But the Falcons haven't missed a beat, establishing themselves as the favorite once again among Maryland public schools. Severna Park took out St. Mary's, 10-8, and followed it up with a 12-9 win over the Seahawks in a rematch of last year's 4A/3A East region final.
With eight starters back, the fast start has a lot to do with the experience gained during a challenging 2009 season. The Falcons got a midseason "reality check" last year, according to Kizer, when they had their 47-game winning streak snapped.
As a result, this year's team isn't taking anything for granted. With a senior-laden defense and a youthful attack, Severna Park spent much of the fall and winter playing pick-up games together, ensuring 2009's late-season chemistry would still be around for this year's daunting early-season slate.
Perhaps the best sign came against South River, when Princeton-bound Sarah Lloyd scored a game-high four goals and goalie Emily Mata made nine saves.
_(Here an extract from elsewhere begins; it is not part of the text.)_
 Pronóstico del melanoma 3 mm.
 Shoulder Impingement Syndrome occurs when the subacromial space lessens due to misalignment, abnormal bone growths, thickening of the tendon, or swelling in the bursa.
Lloyd was injured in 2009 and played goalie down the stretch with Mata out with a broken hand. Both are healthy again and are two reasons why the Falcons are flying high already.
"Last year we got a slap in the face and I think we're thankful for that," said Kizer, an Oregon recruit. "This year we had no idea how we were gonna click and it was just immediate. It was noticeable and awesome."